Frida Kahlo, The Suicide of Dorothy Hale, 1939
Oil on masonite, The Phoenix Museum of Art. The legend translated: "In the city of New York on the twenty-first day of the month in October, 1938, at six o'clock in the morning, Mrs. Dorothy Hale committed suicide by throwing herself out of a very high window of the Hampshire House building. In her memory Mrs. Clare Boothe Luce commissioned this retablo, executed by Frida Kahlo."
Influences
Frida Kahlo was influenced by indigenous Mexican culture which is apparent in her use of bright colors, dramatic symbolism and “primitive” style. She frequently included the monkey as a symbol in her work, which in Mexican mythology is a symbol of lust.

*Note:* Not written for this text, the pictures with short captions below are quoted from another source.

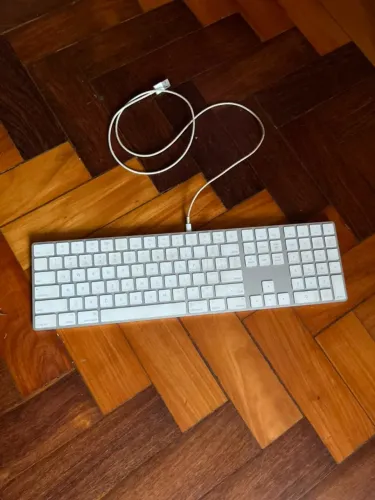 Apple Magic Keyboard com Teclado Numérico (Modelo A1843) - Original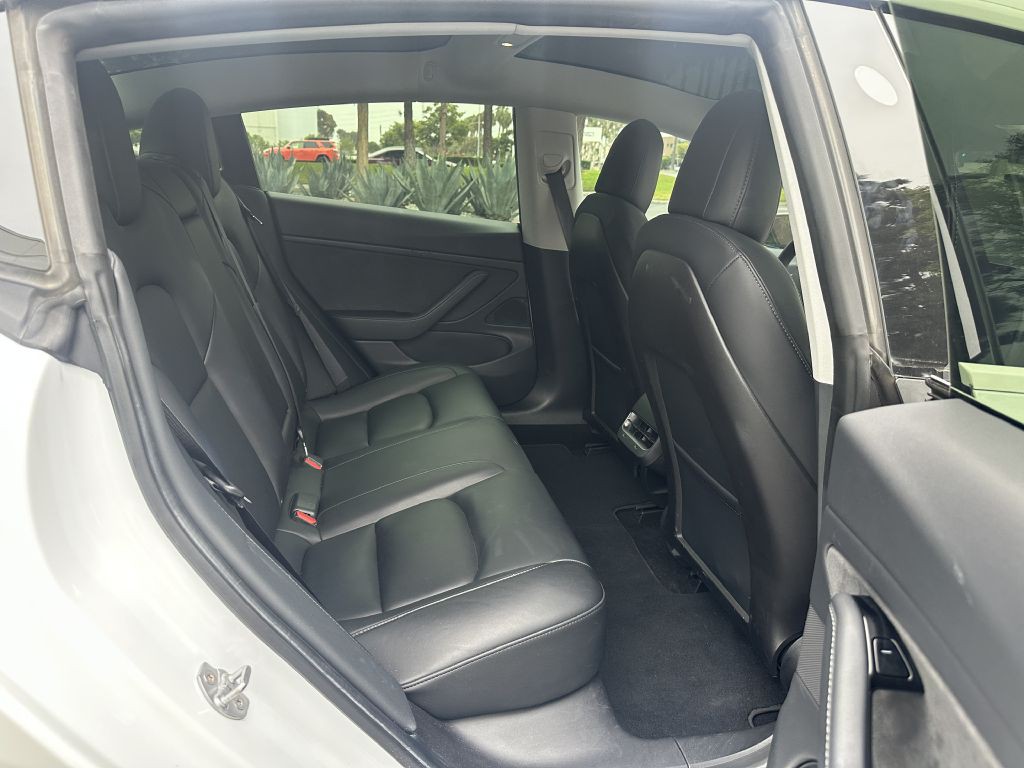 2020 Tesla Model 3 Image 10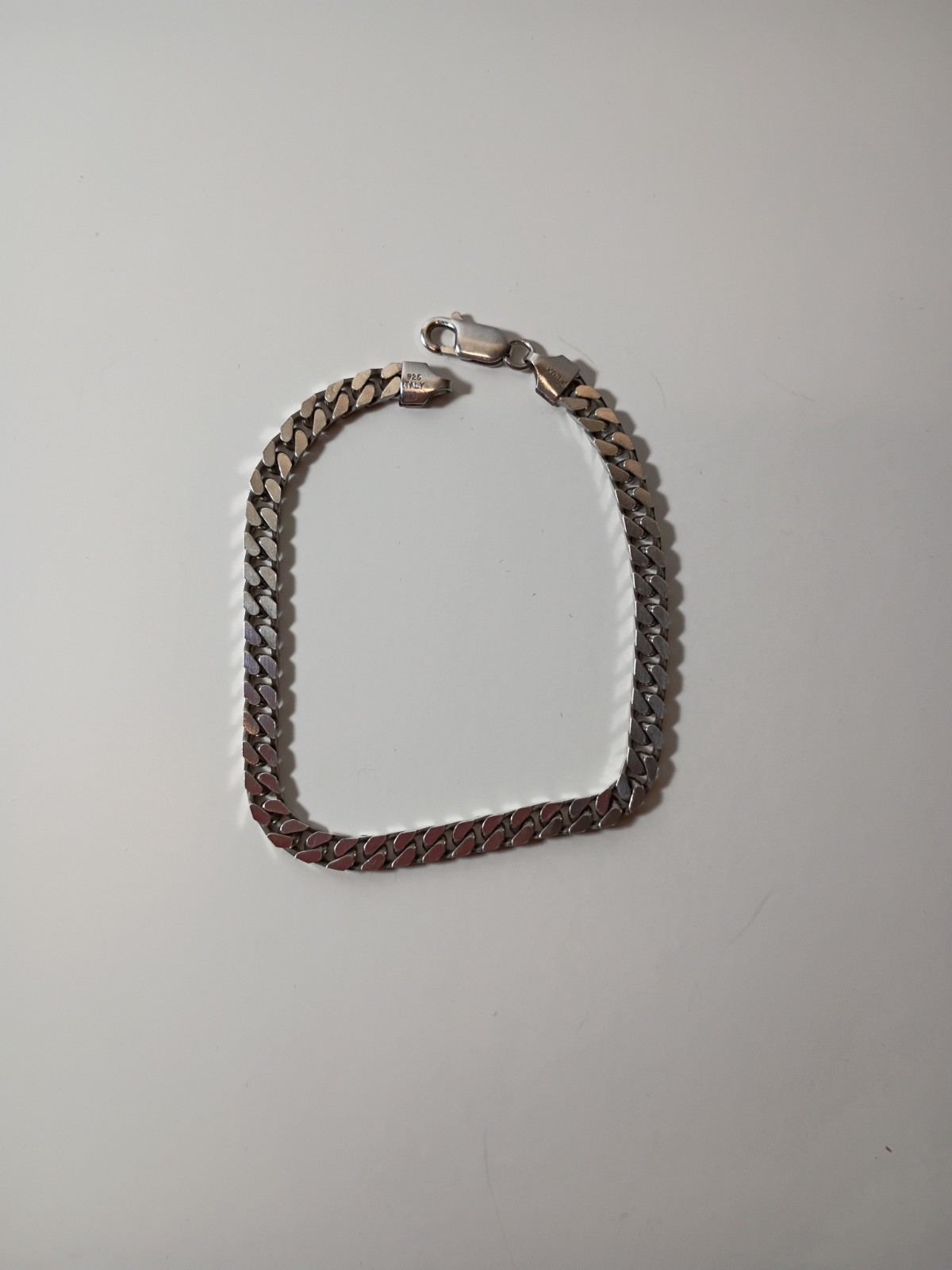 🔥925 Sterling Silver Curb Link Bracelet Italy 8.5 In 16 Gms NEW Condition 🔥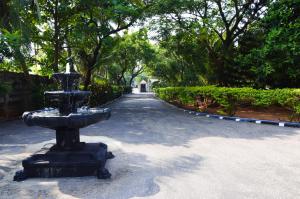 Aed väljaspool majutusasutust Tilko City Hotel Jaffna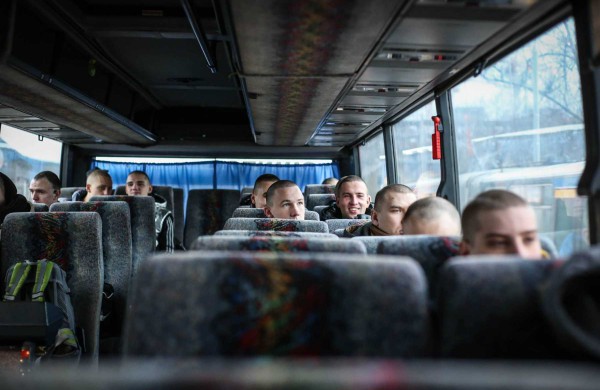 Į Mokomąjį pulką atvyko šauktiniai savanoriai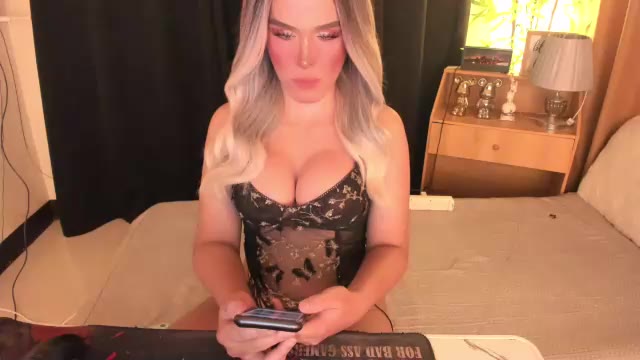 lilymonstercock – уебкам модел в Chaturbate: снимки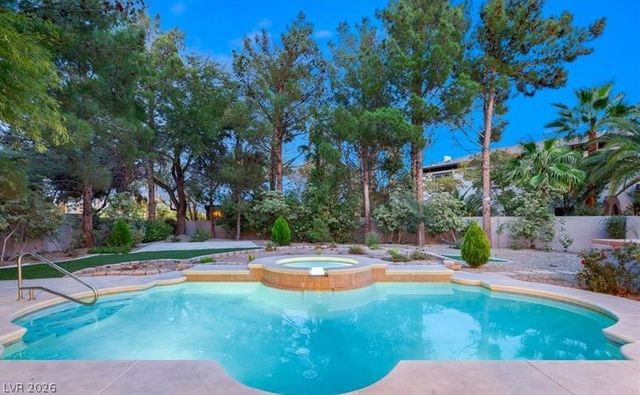 429 Grand Augusta Lane, Las Vegas, NV 89144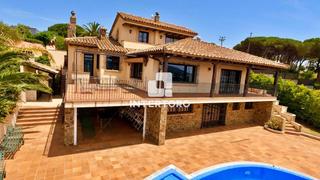 Xalet  Mestre daixa. Vistas panorámicas, esencia señorial y máximo confort una villa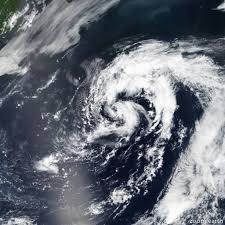 Zoom on earth suite is a complete toolkit for creating stunning earth zoom animations. Tropical Cyclone Hurricane Trackers Zoom Earth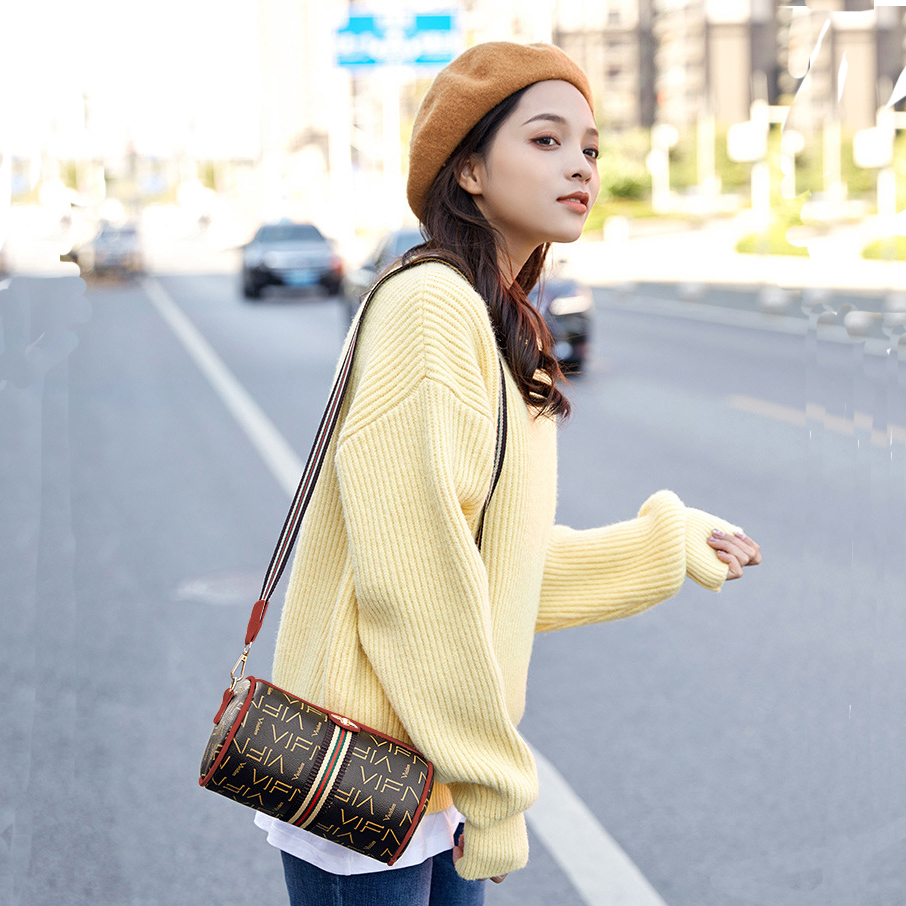 Túi Đeo Chéo Nữ Thời Trang T72 Con Ong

She often combined elements of the classic religious Mexican tradition with iconography that appears to be from a surrealist tendency. Frida Kahlo had a notoriously volatile marriage with the famous Mexican artist Diego Rivera. The couple likely influenced each other’s work through the years.
Artistic Legacy
In 1938, Kahlo had her only solo gallery showing in the United States at the Julien Levy Gallery. The works were well received and several prominent artists attended the event. At the invitation of André Breton, she went to France during 1939 and was featured at an exhibition of her paintings in Paris. The Louvre bought one of her paintings on display, The Frame. It was the first work of a twentieth-century Mexican artist that the Louvre purchased. Kahlo made the acquaintance of Wolfgang Paalen and Alice Rahon, whom she invited to come to Mexico.
Aside from the 1939 acquisition by the Louvre and a 1946 $1,000 award from the Mexican Government for her painting, Kahlo's work was not widely acclaimed until decades after her death. Often she was remembered only as Diego Rivera's wife. It was not until the end of the 1970s and the early 1980s, with the beginning of Neomexicanismo, that she became well-known to the public.